August 13: George Howe, D.D.

The Value and Influence of Literary Pursuits.
pages 25-27
https://archive.org/details/valueinfluenceof00howe

howeIt is refreshing to see, when the Bible is driven by the voice of authority from common schools, colleges rising like this, patronized by the people of God, and in some measure under ecclesiastical supervision. It is carrying out the plans of our fathers. It is giving a guaranty, at least, that here, far away from the corruption of the city, learning and religion shall go hand in hand, and that in the midst of a people who honor God, there shall be an institution for the rearing of their youth, where heathenism shall be spoiled of its learning and refinement, and they shall be made tributary to the inculcation of a sound morality, and the promotion of true religion. Honored men who have founded this institution! and ye who have stood by it in the dark hours of its struggles and adversity! be encouraged to persevere. A kind Providence watches vigilantly over your rising Seminary, and will provide for its future advancement. Do but be faithful to the trust committed to you, set your standard of Education high, and imbue your youth with virtue and piety, and you are obliged to succeed.

The day will come, and may be not far remote, when your College shall obtain a commanding eminence, from which it may wield a powerful influence in favor of learning and truth.

Whether aware of it or not, you have fallen upon a heaven appointed method of providing for the religious and moral training of your youth, while you discipline their minds and store them with human learning. The tribe of Levi was dispersed in Israel of old, and their 48 Levitical cities were so many seats of learning to God’s chosen people. The schools of the prophets and the scribes and the schools of the primitive church at Alexandria, Caesarea, Ephesus, Smyrna, and elsewhere, to the principal of which tradition gives an apostolic origin, are additional evidences that it is by a divine appointment that the church should take under her own supervision the education of her youth.

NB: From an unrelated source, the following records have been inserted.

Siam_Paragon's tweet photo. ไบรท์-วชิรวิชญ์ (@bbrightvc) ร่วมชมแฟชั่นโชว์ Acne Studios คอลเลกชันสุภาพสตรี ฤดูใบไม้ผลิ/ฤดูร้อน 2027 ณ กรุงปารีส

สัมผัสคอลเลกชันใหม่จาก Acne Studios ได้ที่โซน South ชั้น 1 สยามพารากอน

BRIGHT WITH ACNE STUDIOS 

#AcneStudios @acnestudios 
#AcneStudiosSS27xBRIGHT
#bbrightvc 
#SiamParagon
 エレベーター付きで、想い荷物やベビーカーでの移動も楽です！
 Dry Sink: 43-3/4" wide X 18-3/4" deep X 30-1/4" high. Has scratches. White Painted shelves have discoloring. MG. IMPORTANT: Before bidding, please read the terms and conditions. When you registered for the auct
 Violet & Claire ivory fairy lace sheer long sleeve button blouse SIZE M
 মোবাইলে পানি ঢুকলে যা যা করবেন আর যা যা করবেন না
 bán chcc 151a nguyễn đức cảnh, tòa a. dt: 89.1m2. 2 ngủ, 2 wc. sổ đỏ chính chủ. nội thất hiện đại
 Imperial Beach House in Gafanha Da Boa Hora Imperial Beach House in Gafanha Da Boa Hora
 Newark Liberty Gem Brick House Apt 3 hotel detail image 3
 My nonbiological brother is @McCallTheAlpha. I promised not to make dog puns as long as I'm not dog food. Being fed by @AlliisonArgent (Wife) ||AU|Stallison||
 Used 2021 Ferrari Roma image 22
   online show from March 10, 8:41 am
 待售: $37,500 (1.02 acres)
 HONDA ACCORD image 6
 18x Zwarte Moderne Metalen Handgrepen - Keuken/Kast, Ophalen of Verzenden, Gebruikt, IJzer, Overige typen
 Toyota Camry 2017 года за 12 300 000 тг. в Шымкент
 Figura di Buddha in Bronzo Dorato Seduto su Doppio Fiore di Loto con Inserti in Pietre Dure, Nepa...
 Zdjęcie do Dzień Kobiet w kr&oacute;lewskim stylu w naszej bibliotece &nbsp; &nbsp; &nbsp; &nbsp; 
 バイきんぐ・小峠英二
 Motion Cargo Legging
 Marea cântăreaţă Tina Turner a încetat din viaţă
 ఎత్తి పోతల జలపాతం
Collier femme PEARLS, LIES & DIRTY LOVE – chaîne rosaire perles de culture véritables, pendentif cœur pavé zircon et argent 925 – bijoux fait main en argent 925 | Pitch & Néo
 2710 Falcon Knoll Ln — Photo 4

And it may yet prove that the Teacher in the Christian Church, who is acknowledged in all European Confessions of Faith of the Presbyterian denomination to be a permanent officer of the Church, and was so regarded by the reformers, is really as much of Divine appointment as the Pastor, and that as the synagogue and school were connected in the Jewish church, so the church and school should be in the Christian. The Universities of Scotland were once under the immediate supervision of the church, and were annually visited and examined by a commission from their ecclesiastical bodies; they were, in their inception, and through a long period of their history, institutions ecclesiastical rather than civil. And in our own country, the earliest and best universities and colleges were founded by religious men for religious purposes, and were filled by officers who were pious in heart, and who were pledged to teach the youth the doctrines and duties of Christianity. The Hebrew Bible was for years read at morning prayers, by students and teachers at Harvard and Yale, in the days of our fathers, and I am not unwilling to see the custom again introduced, and our youth led daily to the well-spring of all sacred knowledge, the inspired scriptures in the Greek and Hebrew tongues.

There might then be some hope that our young men would be truly learned, and that with this learning they would imbibe a respect and reverence for the book of God, the earliest portions of which were written more than 3000 years ago, and more than 600 years before the earliest authors of Greece; which, like the gnarled oak, breasting the storms of a thousand winters, has stood the shock of revolution, and the attacks and scorn of men; which has survived every empire and dynasty but the last, and is itself one day to be the law-book of the world, the rule of duty between man and man, and nation and nation. Pursue then the path you have chosen, and heaven shall add its smiles upon your enterprise. Over these hills and valleys, among these mountains and rivers, there shall live a noble and virtuous population, sanctified by a religion such as old Greece and Rome knew nothing of, guided by oracles far different from those of the old oak of Dodona and the priestess of Delphi, and softened, refined, and ennobled by a Literature which shall throw into the shade that which spread its loved charms through Cicero’s retreat at Tusculum, over the sweet vales of Attica, or resounded in Ionian melody through the Greek cities of the Lesser Asia. For that which the bard of Mantua unknowingly sung, must yet be fulfilled:

“Ultima cumaci venit jam carminis aetas;
Magnus ab integro saeclorum nascitur ordo,
Jam redit et Virgo, Redeunt Saturnia regna;
Jam nova progenies coelo demittitur alto.”

Or, as our Christian poet [i.e, William Cowper, in Book Vi of The Task] has more beautifully expressed it, with heartfelt anticipation of the blissful season, of the morning heralded by so many prophets; The time shall come when

One song employs all nations; and all cry
“Worthy the Lamb, for he was slain for us!”
The dwellers in the vales and on the rocks
Shout to each other, and the mountain tops
From distant mountains catch the flying joy:
Till nation after nation taught the strain,
Earth rolls the rapturous hosannah round.